La crepa nella narrazione della compattezza si è vista persino in eventi pubblici: artisti e producer si sono presentati con magliette “Stop the war” e “A child is a child”. La rabbia dei familiari degli ostaggi – 48 tra vivi e morti, secondo i conteggi più ricorrenti – è tornata a farsi sentire su media e tv. Non è una marea, ma è un segnale: il consenso inizia a scalfirsi.

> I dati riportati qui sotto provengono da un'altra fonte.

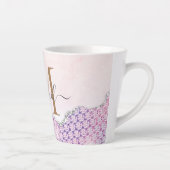 Eleganter Monogram Rose rosa Glitzer Milchtasse (Rechts)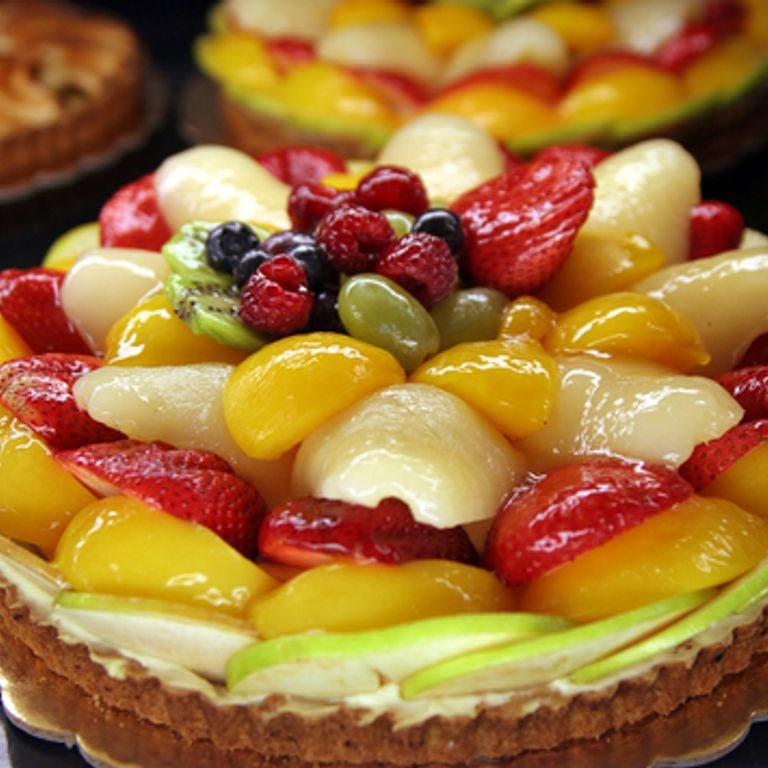 Tarte colorée aux fruits frais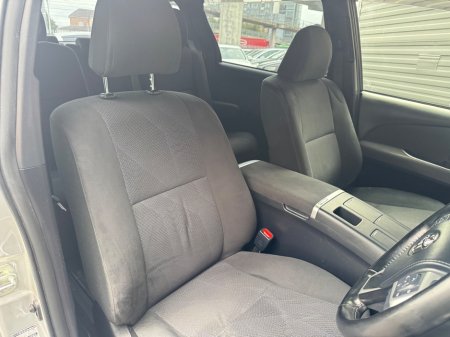 2018 Toyota Estima - photo 7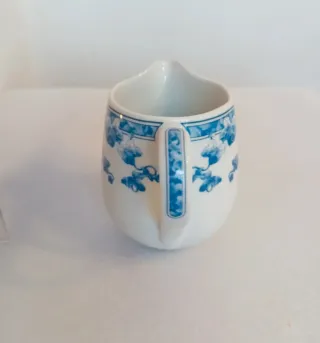 Leiteira de porcelana azul e branca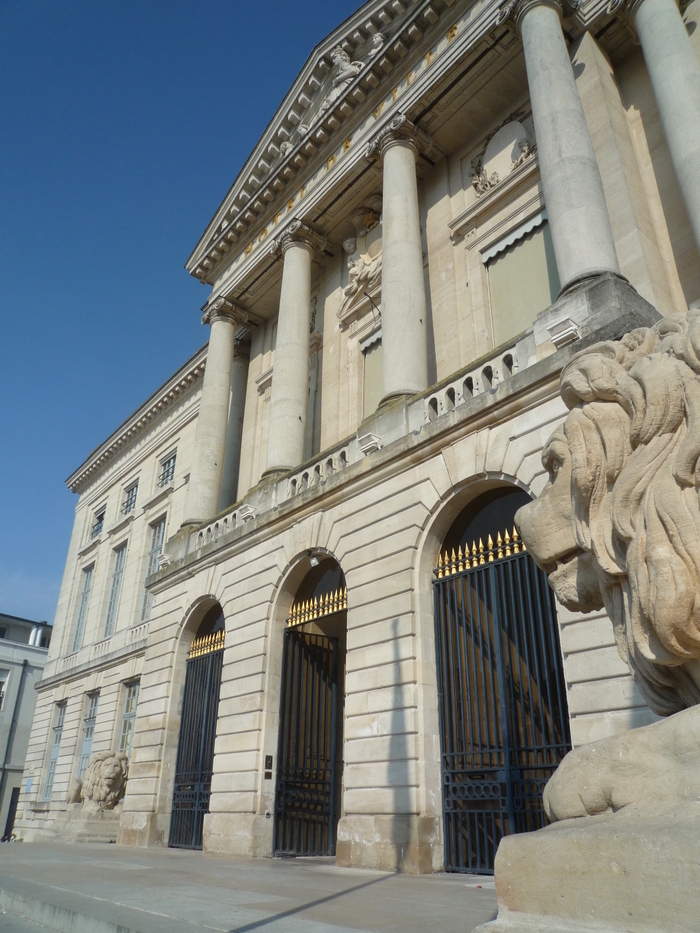 Levez les yeux ! Visite de l'Hôtel de Ville Hôtel de Ville Châlons-en-Champagne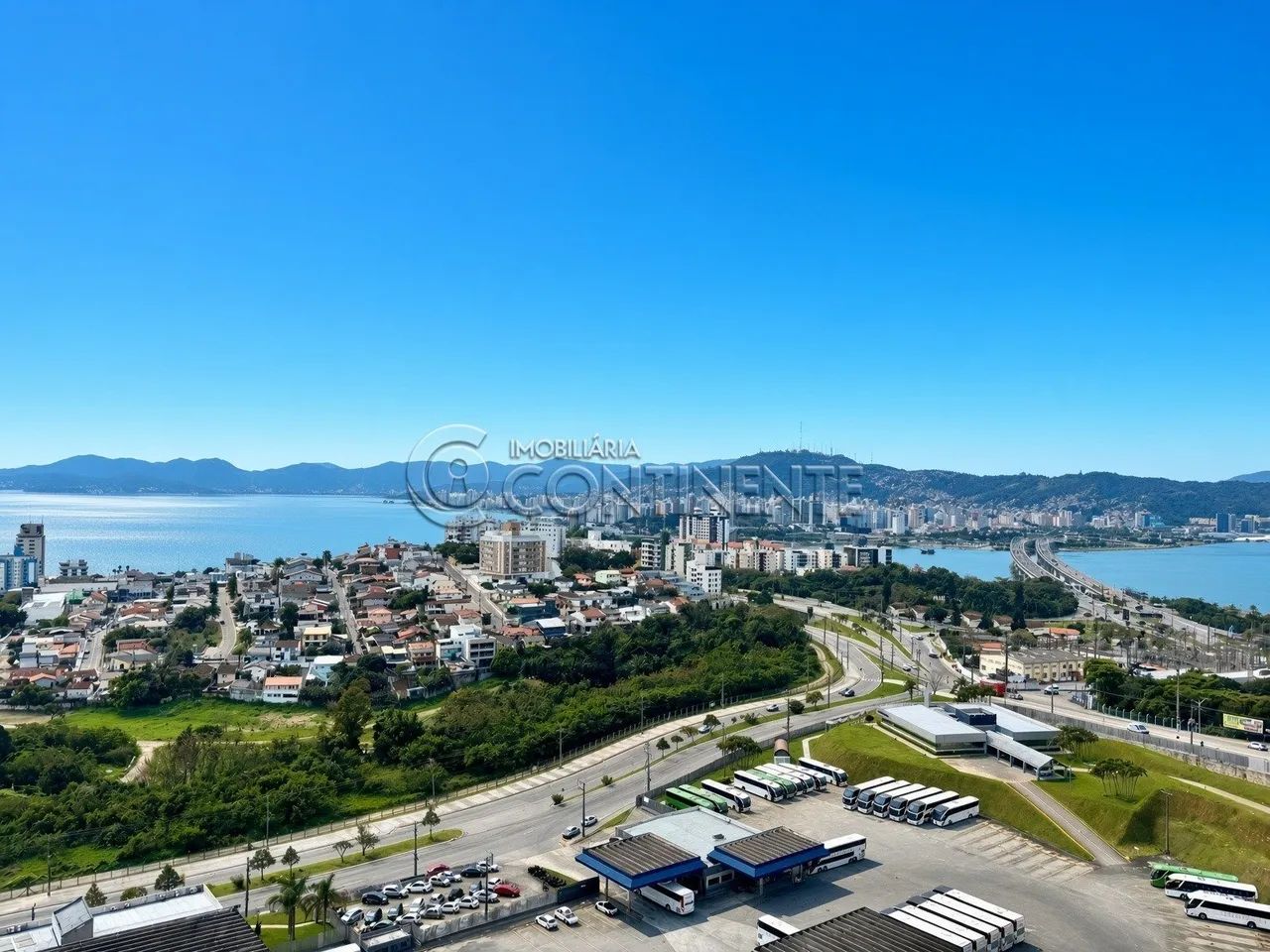 APARTAMENTO À VENDA NO ESTREITO - 3 DORMITÓRIOS COM SUÍTE - GARAGEM E ELEVADOR - Foto 3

Diritti, accuse e diplomazia in frantumi

Le istituzioni internazionali alzano la voce mentre le ONG parlano di catastrofe umanitaria imminente. Il rischio è che questa fase dell’offensiva cristallizzi un isolamento politico a cui sarà difficile porre rimedio a giochi chiusi. La pressione legale sul governo israeliano – con l’ombra di crimini di guerra e responsabilità individuali – non è più un’ipotesi teorica: può tradursi in dossier e procedimenti.

Scenari prossimi: una vittoria senza pace

Anche se l’operazione dovesse raggiungere i suoi obiettivi militari, resta il problema irrisolto della ricomposizione politica. Senza un’architettura credibile per il “dopo”, la vittoria tattica rischia di alimentare il conflitto a medio termine. E intanto aiuti, acqua, cibo e medicine scarseggiano dove servono di più, trasformando l’oggi in un domani ancora peggiore.

L’ultima battaglia contro la diplomazia

Questa non è solo un’offensiva: è la resa dei conti con la credibilità. Quando la guerra divora la tutela dei civili, si smarrisce anche la legittimazione internazionale. Netanyahu gioca la carta della determinazione assoluta, ma il prezzo è umano e strategico. Se la guerra non avvicina la pace, qual è il suo scopo?